# [WORK ORDER]
Please retype the data below in full.

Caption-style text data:
++++

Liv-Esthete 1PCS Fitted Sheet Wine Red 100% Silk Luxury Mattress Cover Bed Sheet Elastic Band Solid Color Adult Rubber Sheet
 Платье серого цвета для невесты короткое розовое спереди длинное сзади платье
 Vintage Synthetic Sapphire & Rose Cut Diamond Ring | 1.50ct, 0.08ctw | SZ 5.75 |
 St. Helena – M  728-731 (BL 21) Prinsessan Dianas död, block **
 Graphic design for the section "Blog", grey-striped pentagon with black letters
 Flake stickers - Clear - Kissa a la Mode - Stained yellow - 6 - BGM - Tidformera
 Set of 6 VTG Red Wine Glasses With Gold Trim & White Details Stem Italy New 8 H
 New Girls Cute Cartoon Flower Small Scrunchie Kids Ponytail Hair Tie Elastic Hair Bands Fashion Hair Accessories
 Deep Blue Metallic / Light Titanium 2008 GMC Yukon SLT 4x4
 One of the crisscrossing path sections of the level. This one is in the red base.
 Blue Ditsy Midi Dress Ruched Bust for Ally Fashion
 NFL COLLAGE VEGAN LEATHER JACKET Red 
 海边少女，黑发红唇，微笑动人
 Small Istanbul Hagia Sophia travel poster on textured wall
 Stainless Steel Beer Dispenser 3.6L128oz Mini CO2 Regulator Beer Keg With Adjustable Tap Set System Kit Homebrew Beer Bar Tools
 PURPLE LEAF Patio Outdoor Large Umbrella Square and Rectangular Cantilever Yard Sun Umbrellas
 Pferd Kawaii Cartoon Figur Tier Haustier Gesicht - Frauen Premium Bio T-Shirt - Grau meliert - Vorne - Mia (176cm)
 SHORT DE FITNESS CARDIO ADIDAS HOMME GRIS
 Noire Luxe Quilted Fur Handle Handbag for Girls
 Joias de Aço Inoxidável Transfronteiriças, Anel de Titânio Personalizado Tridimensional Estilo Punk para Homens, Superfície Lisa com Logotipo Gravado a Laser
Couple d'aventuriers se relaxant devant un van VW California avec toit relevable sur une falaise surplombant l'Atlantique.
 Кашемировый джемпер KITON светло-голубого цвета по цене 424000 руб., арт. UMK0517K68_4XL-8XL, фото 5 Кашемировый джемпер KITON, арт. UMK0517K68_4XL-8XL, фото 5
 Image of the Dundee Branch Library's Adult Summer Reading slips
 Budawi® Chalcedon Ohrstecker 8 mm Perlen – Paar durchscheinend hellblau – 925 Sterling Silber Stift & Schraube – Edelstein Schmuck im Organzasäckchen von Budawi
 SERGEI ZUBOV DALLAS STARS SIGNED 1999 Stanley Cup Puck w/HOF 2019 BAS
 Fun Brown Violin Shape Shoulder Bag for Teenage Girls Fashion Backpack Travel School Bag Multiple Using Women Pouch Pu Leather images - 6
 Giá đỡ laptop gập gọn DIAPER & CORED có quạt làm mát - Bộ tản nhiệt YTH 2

++++

# [RESPONSE]
Liv-Esthete 1PCS Fitted Sheet Wine Red 100% Silk Luxury Mattress Cover Bed Sheet Elastic Band Solid Color Adult Rubber Sheet
 Платье серого цвета для невесты короткое розовое спереди длинное сзади платье
 Vintage Synthetic Sapphire & Rose Cut Diamond Ring | 1.50ct, 0.08ctw | SZ 5.75 |
 St. Helena – M  728-731 (BL 21) Prinsessan Dianas död, block **
 Graphic design for the section "Blog", grey-striped pentagon with black letters
 Flake stickers - Clear - Kissa a la Mode - Stained yellow - 6 - BGM - Tidformera
 Set of 6 VTG Red Wine Glasses With Gold Trim & White Details Stem Italy New 8 H
 New Girls Cute Cartoon Flower Small Scrunchie Kids Ponytail Hair Tie Elastic Hair Bands Fashion Hair Accessories
 Deep Blue Metallic / Light Titanium 2008 GMC Yukon SLT 4x4
 One of the crisscrossing path sections of the level. This one is in the red base.
 Blue Ditsy Midi Dress Ruched Bust for Ally Fashion
 NFL COLLAGE VEGAN LEATHER JACKET Red 
 海边少女，黑发红唇，微笑动人
 Small Istanbul Hagia Sophia travel poster on textured wall
 Stainless Steel Beer Dispenser 3.6L128oz Mini CO2 Regulator Beer Keg With Adjustable Tap Set System Kit Homebrew Beer Bar Tools
 PURPLE LEAF Patio Outdoor Large Umbrella Square and Rectangular Cantilever Yard Sun Umbrellas
 Pferd Kawaii Cartoon Figur Tier Haustier Gesicht - Frauen Premium Bio T-Shirt - Grau meliert - Vorne - Mia (176cm)
 SHORT DE FITNESS CARDIO ADIDAS HOMME GRIS
 Noire Luxe Quilted Fur Handle Handbag for Girls
 Joias de Aço Inoxidável Transfronteiriças, Anel de Titânio Personalizado Tridimensional Estilo Punk para Homens, Superfície Lisa com Logotipo Gravado a Laser
Couple d'aventuriers se relaxant devant un van VW California avec toit relevable sur une falaise surplombant l'Atlantique.
 Кашемировый джемпер KITON светло-голубого цвета по цене 424000 руб., арт. UMK0517K68_4XL-8XL, фото 5 Кашемировый джемпер KITON, арт. UMK0517K68_4XL-8XL, фото 5
 Image of the Dundee Branch Library's Adult Summer Reading slips
 Budawi® Chalcedon Ohrstecker 8 mm Perlen – Paar durchscheinend hellblau – 925 Sterling Silber Stift & Schraube – Edelstein Schmuck im Organzasäckchen von Budawi
 SERGEI ZUBOV DALLAS STARS SIGNED 1999 Stanley Cup Puck w/HOF 2019 BAS
 Fun Brown Violin Shape Shoulder Bag for Teenage Girls Fashion Backpack Travel School Bag Multiple Using Women Pouch Pu Leather images - 6
 Giá đỡ laptop gập gọn DIAPER & CORED có quạt làm mát - Bộ tản nhiệt YTH 2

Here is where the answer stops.